A resident of Greenwich, Connecticut, Marc Wolpers is a business and finance graduate dedicated to learning about cancer due to family history. Marc Wolpers stays informed and promotes cancer research and awareness by participating in the Damon Runyon Cancer Research Foundation events.
The Damon Runyon Cancer Research Foundation was founded in 1946 to advance discoveries and understand cancer while also developing innovative prevention, diagnosis, and treatment approaches. On April 5, 2021, Damon Runyon published a news article on their website announcing that former Damon Runyon-Rachleff Innovator Nicholas E. Navin, Ph.D., has distinguished between healthy cells and malignant cells in several solid tumors with 98 percent accuracy.

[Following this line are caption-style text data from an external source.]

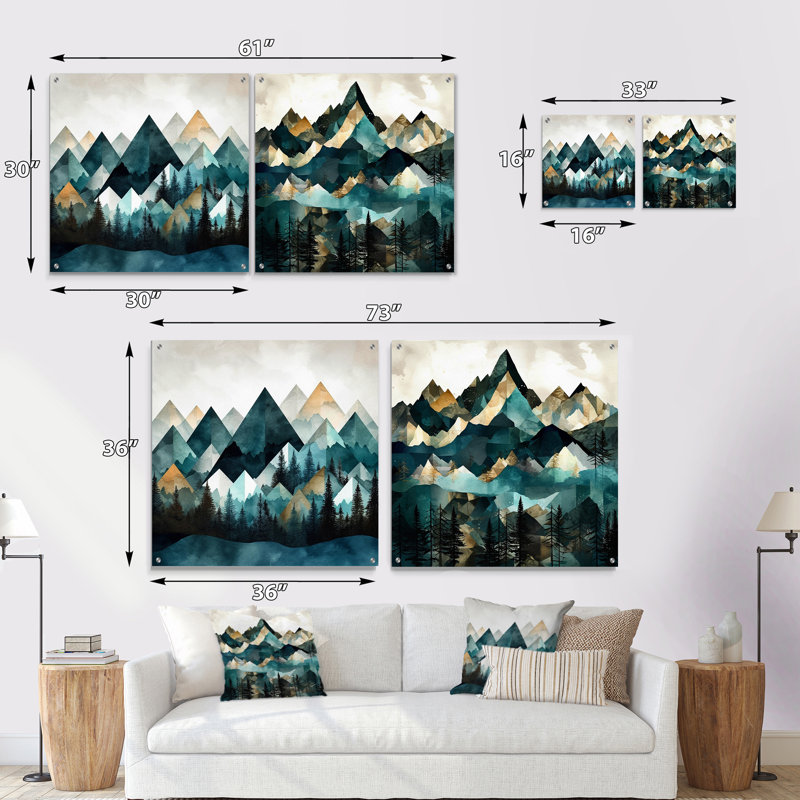 Minimalisme Winter Mountains I - ensemble de 2 verres muraux en acrylique, H 36 po x l 73 po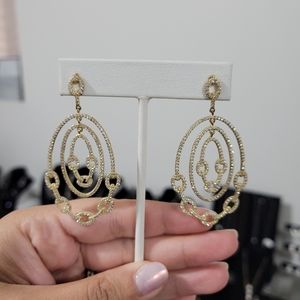 Sterling sliver Gold Plated triple tear earrings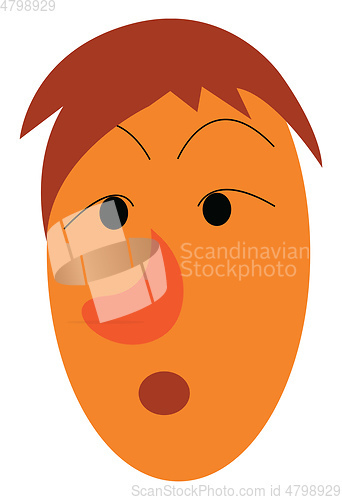 Image of A confused boy vector or color illustration
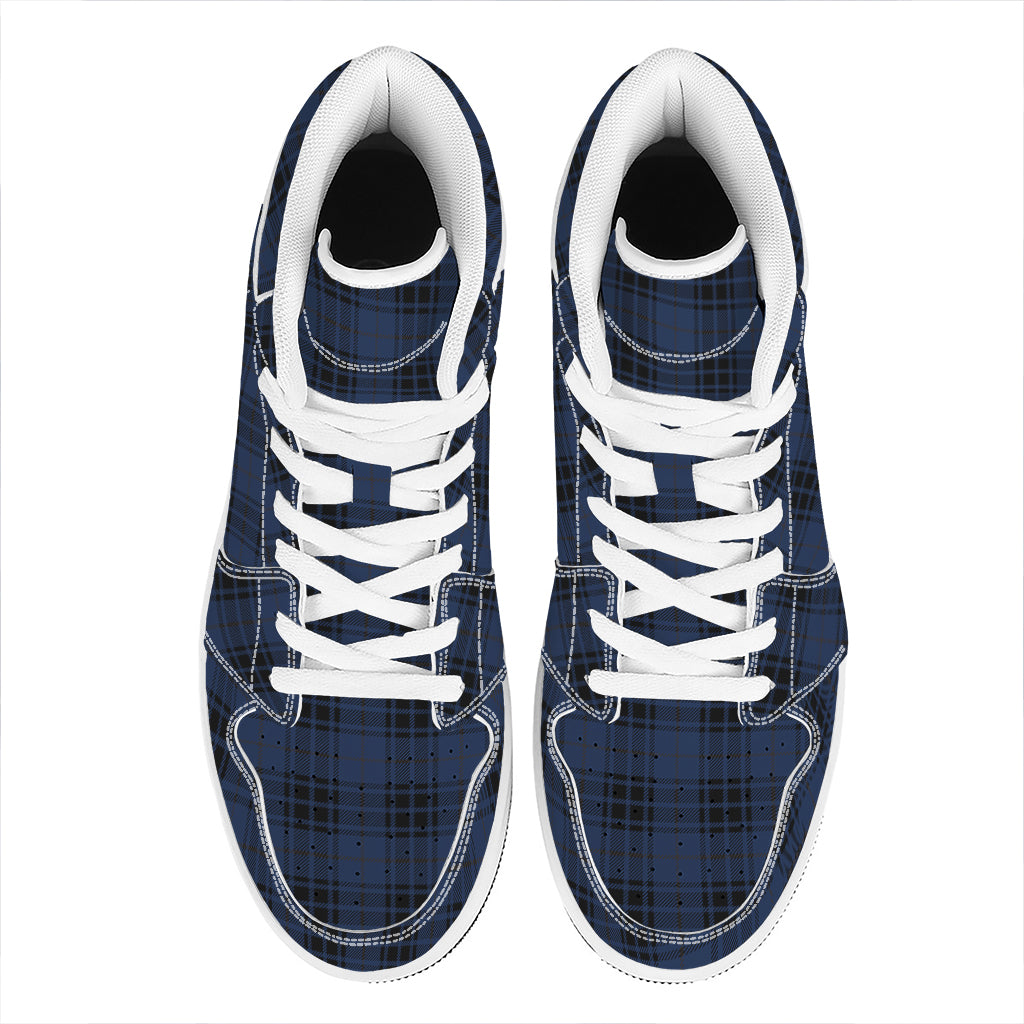 Blue And Black Tartan Pattern Print High Top Leather Sneakers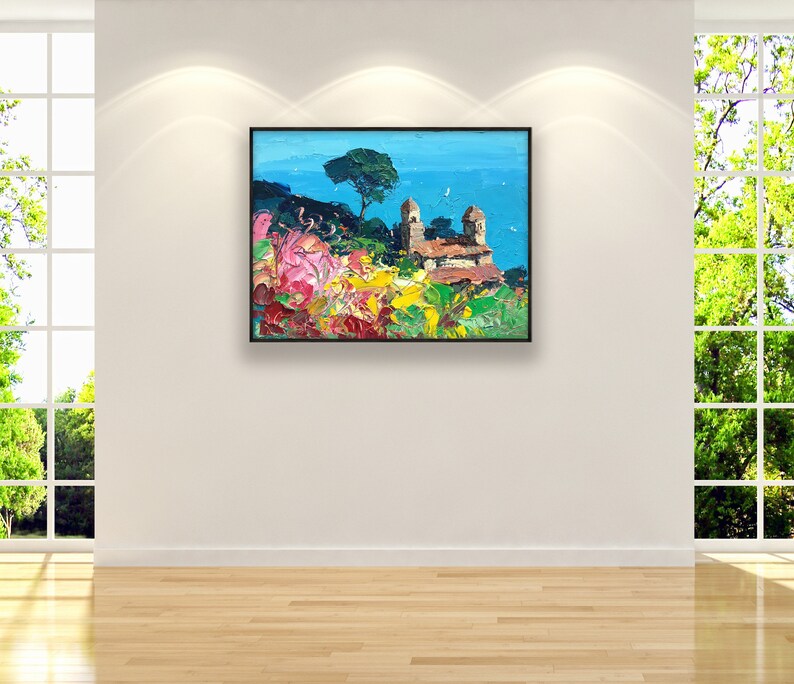 Ravello Flower Terrace Oil Painting, original hand-painted artwork displayed in a modern interior, framed piece shown on a light wall with a seating area.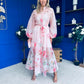 Erin Detailed Midi Shirt Dress Floral Pink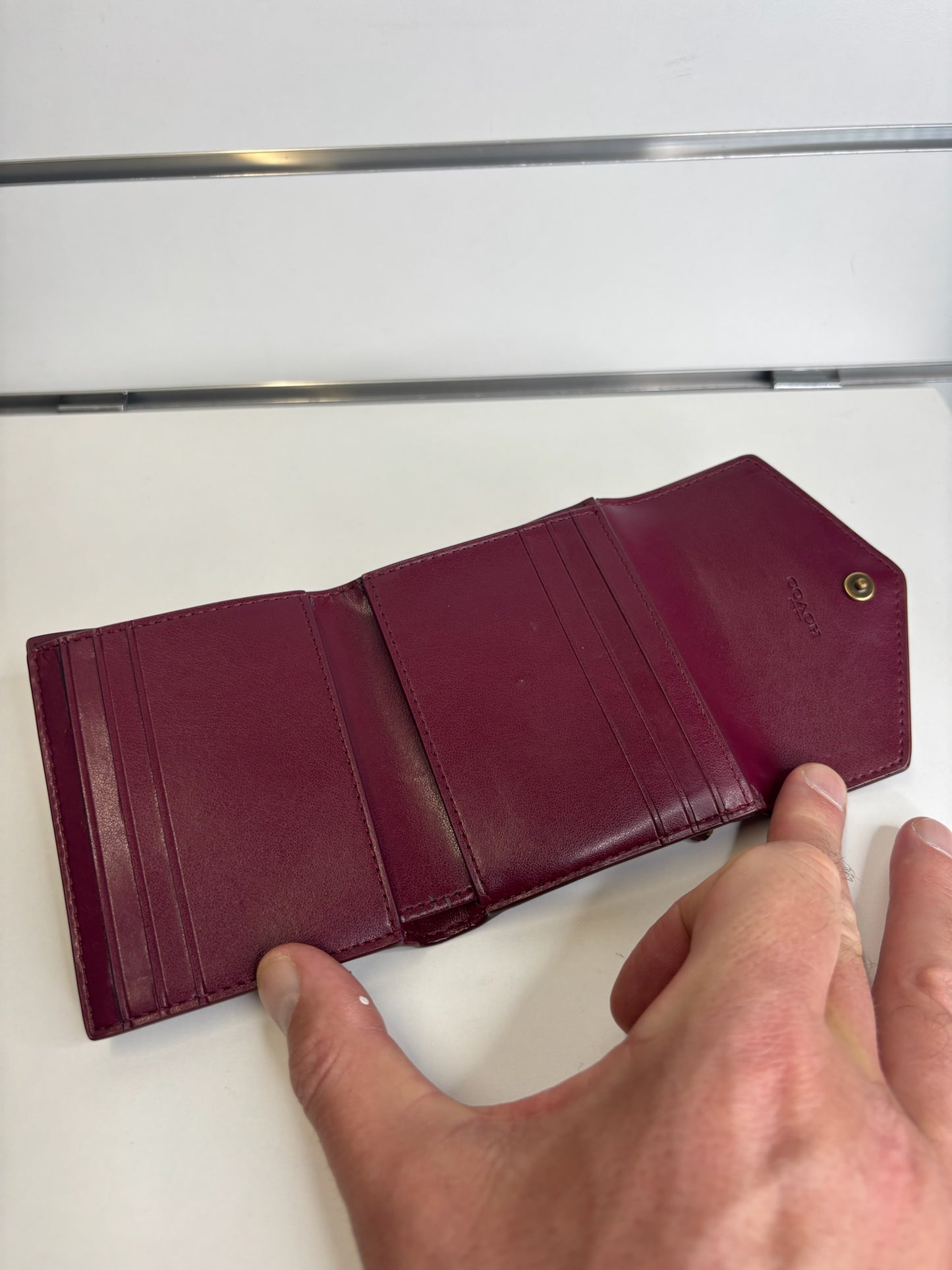 Coach Wyn Small Wallet Tan Rust Signature Canvas K79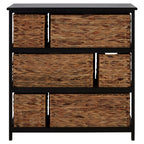 Black Storage Unit with 6 Water Hyacinth Drawers | Padstow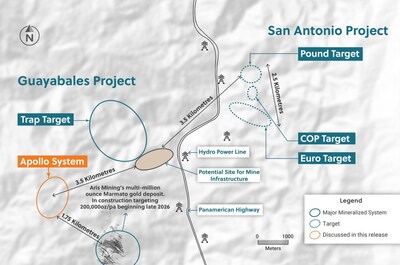 Figure 2: Plan View Guayabales and San Antonio Projects Highlighting the Apollo System Within the Guayabales Project (CNW Group/Collective Mining Ltd.)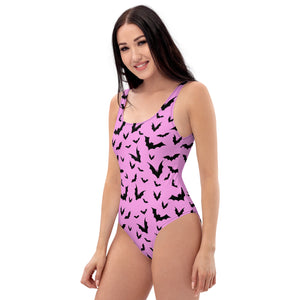 Bat Prink Pink/Black One-Piece Swimsuit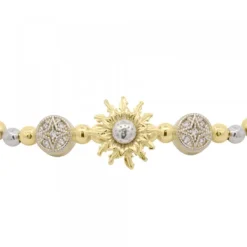 Pulsera Bolitas Plata Dorada y Macramé*Eguzkilore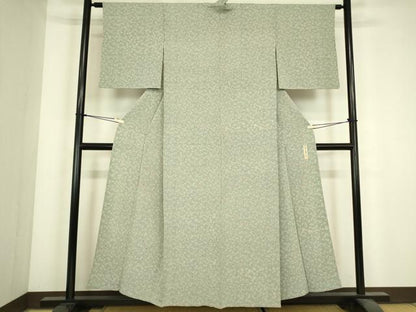 平和屋着物▽本草木染　昭三　小紋　単衣　笹蔓緞子　正絹　逸品　DABJ1119az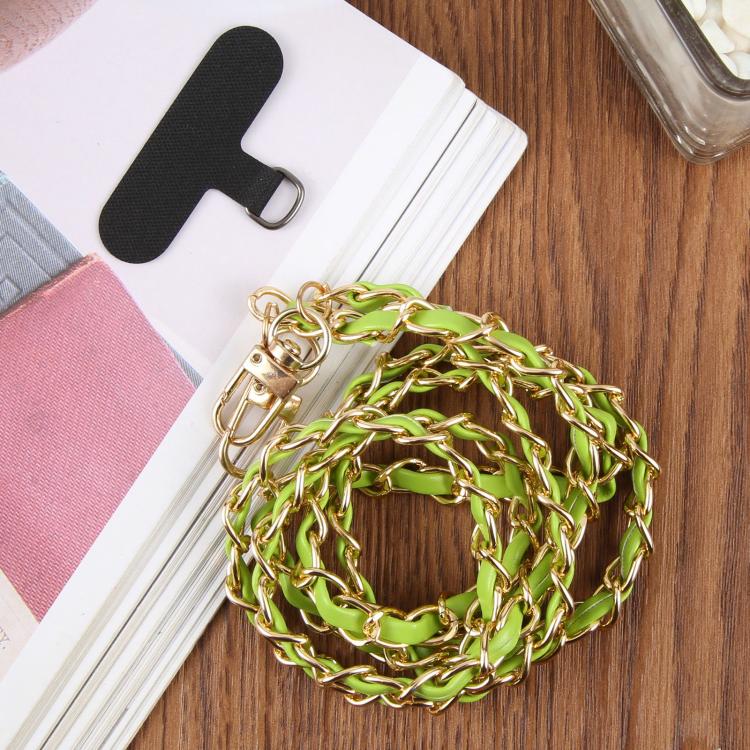 Adjustable Crossbody Phone Lanyard Faux Leather Metal Chain with Tether Pad — 120cm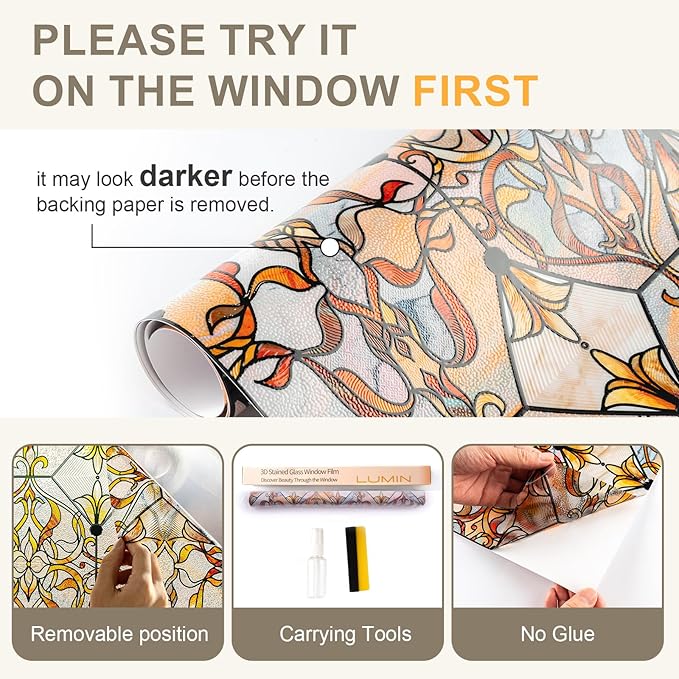 3D Stained Glass Window Privacy Film, Heat Control UV Blocking Static Cling Decorative Window Film for Bathroom,Front Door,Home Non Adhesive 23.6 x 35.4 inches Golden Filigree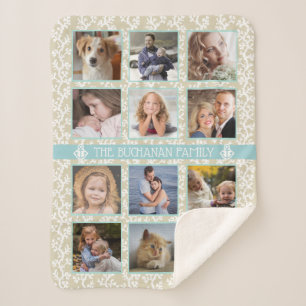 Cobertor Sherpa 12 Família de Fotos Colagem de Praia de Coral Fá
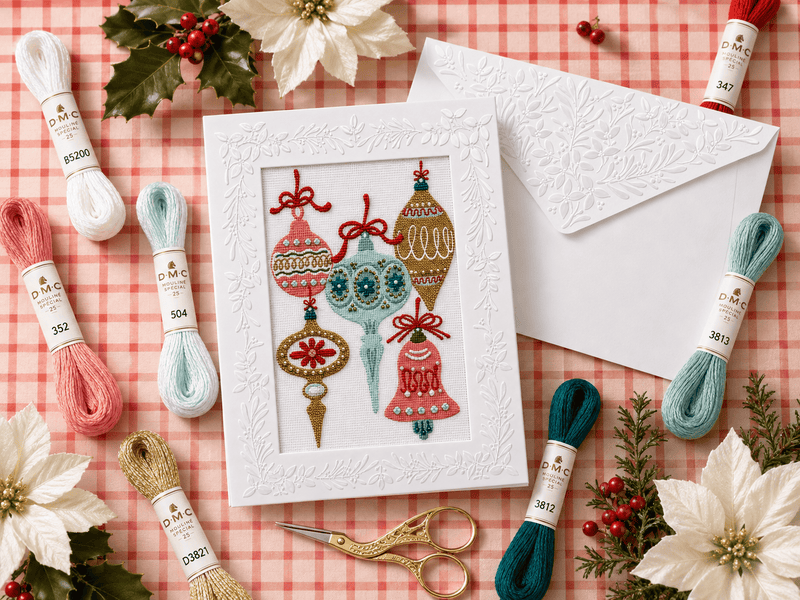 Vintage Baubles Needlepoint Greeting Card Kit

Along with his colleagues at MD Anderson Cancer Center, Nicholas E. Navin, Ph.D. used a new computational approach called copy number karyotyping of aneuploid tumors (CopyKAT) to make this distinction. The innovative method now allows the indistinct mass of heterogeneous cells that is the tumor to gain a single-cell resolution. CopyKAT enables medical doctors to distinguish between cancer and normal cells and analyze the genetic diversity within cancer cell populations. The increased precision in tumor sample analysis translates to patients benefiting from earlier detection and better prognostics.